Cave and Hillcoat team for another shoot 'em up, short on substance but with plenty of style

Eight years ago, director John Hillcoat and artist Nick Cave made a brilliant movie called The Proposition. Set amid a battle between a gang of brothers and the lawman who wants them dead, the movie was every bit a ruthless, unrepentant Western. It was lauded as one of the best films of recent memory, and quickly became a contemporary model for the genre. So it should come as no surprise that Hillcoat and Cave are trying to recapture their magic with Lawless, a film that’s fundamentally similar, even if it swapped an Australian twang for the cacophony of Appalachia.

While Lawless is a tough, violent movie, though, it’s nowhere near as intense as The Proposition – nor is it as disquieting as The Road, Hillcoat’s 2009 haunting adaptation of the Cormac McCarthy novel. It’s a well-made, no-nonsense sort of gangster story. It’s hillbilly Goodfellas.

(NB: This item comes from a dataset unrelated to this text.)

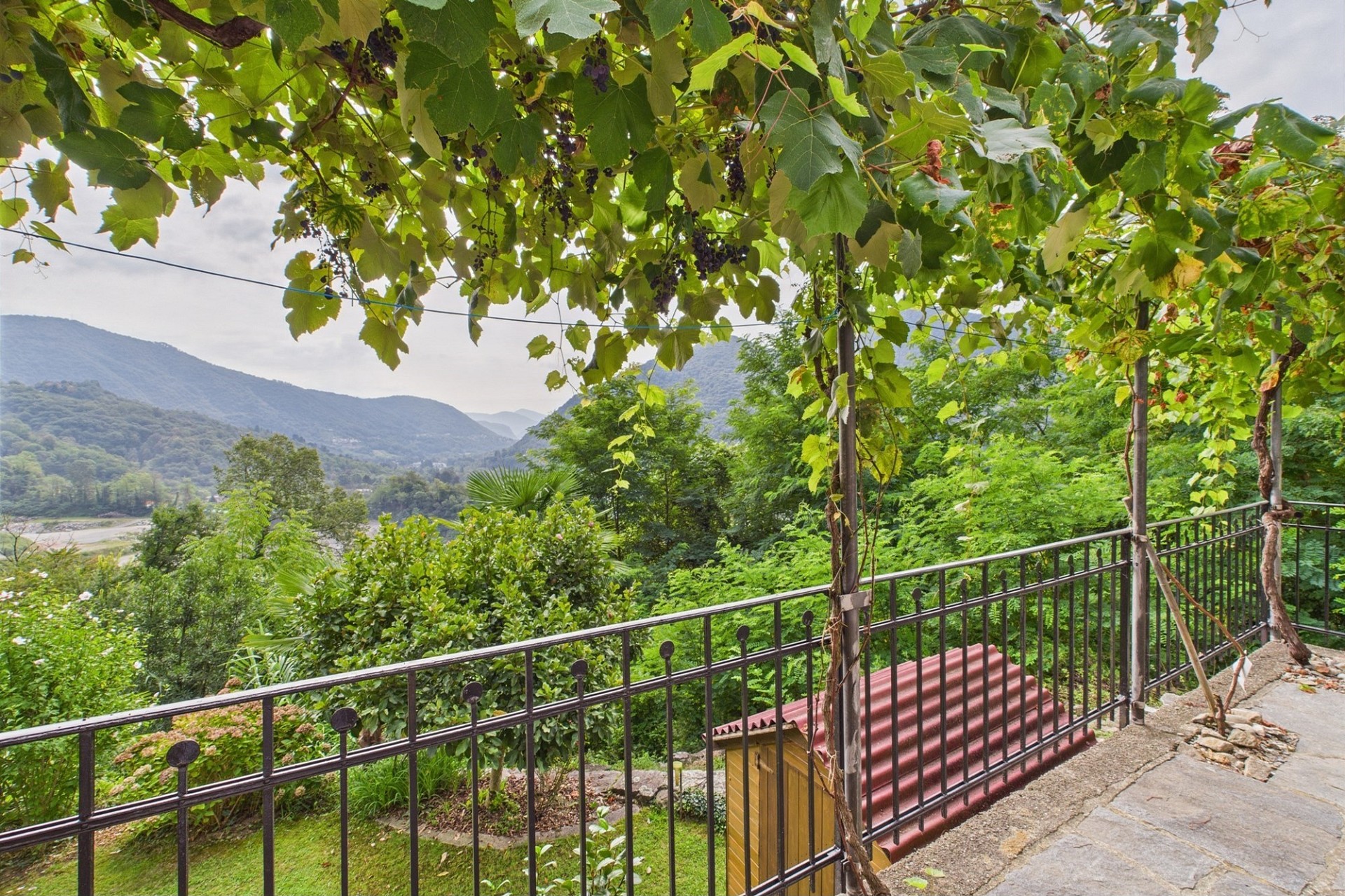 Blick von einer Terrasse in ein grünes Tal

Based on The Wettest County in the World, a historical novel about bootlegging in Franklin County, Va., during the Prohibition era, Lawless follows the three Bondurant boys, who distill, bottle and run moonshine across the region. Forrest (Tom Hardy), the eldest brother and the leader, is a hard-boiled man of few words. When he’s not off on a bender, Howard (Jason Clarke) is the family’s muscle. And Jack (Shia LaBeouf), the youngest of the bunch, is a pretender to the Bondurant bootlegging throne, a naive dreamer who fashions himself an aspiring gangster. Jack desperately wants in on the action, but Forrest holds him at arm’s length from the work – the boy’s just not tough enough.

”It is not the violence that sets a man apart,” Forrest explains. ”It’s the distance he’s prepared to go.”

And that, in a nutshell, is the Bondurant family philosophy: In Franklin County you fight for control, not order. When a corrupt federal agent, Charlie Rakes (Guy Pearce), rolls into town looking for protection money, Forrest rejects his offer outright as an affront to that philosophy, making it clear that ”he’s prepared to go” as far as it takes to keep selling moonshine. The conflict that plays out between Rakes and the Bondurants, as a result, is awesomely violent and uncomfortably visceral.

Unfortunately, the showdown between Forrest and Rakes takes a backseat to Jack’s less compelling (but occasionally bloody) coming-of-age story. Cave still has an obvious appreciation for the Bondurants – Forrest, especially – but he lacks the chops to shape the characters that surround them into anything more than self-serious tropes. Jessica Chastain and Mia Wasikowska deserve better than their unceremonious relegation to damsels in distress, while Dane DeHaan chews into a sinewy role as Jack’s crippled best friend. Even Gary Oldman, who plays a tommy-gun-toting gangster, is a victim of Cave’s neglect. Any scene with Hardy’s grumbling Forrest or Pearce’s sadistic, pomade-polished Rakes is riveting, but that tension burns up soon after they leave the screen.

Starring Tom Hardy, Shia LaBeouf, Guy Pearce
Rated R
115 minutes
Now playing
Area theaters

Hillcoat made his bones on this sort of tough, gritty movie, and thankfully, it shows. Between sweeping shots of backwoods Virginia, he takes a page from Miller’s Crossing, using his camera to linger on the people and places caught in the crossfire of the bootlegging war. (The film’s score, double-teamed by Cave and Warren Ellis, underscores this.) His Franklin County is a vivid, rollicking place. Unfortunately, though, all that work suggests a richer story than Lawless seems willing to allow. It’s got all the pieces in all the right places, but it’s got no glue.

That’s not to say it’s anything but a vivid, enjoyable movie. LaBeouf gets the most out of Jack’s flimsy narrative, while Hardy’s continues his run of magnificent on-screen works. At its heart, Lawless is a well-made period piece about good-looking people who shoot each other. It tells that story exceptionally well, with exceptional actors, but it can’t escape the limitations of its superficial premise. That it’s based on true events only underscores the depth it lacks. In any other movie, that would be fine. Coming from the minds behind The Proposition, though, the story of the Bondurant boys could’ve been so much more. There’s a whole world straining to be seen here. Why won’t Lawless bother to explore it?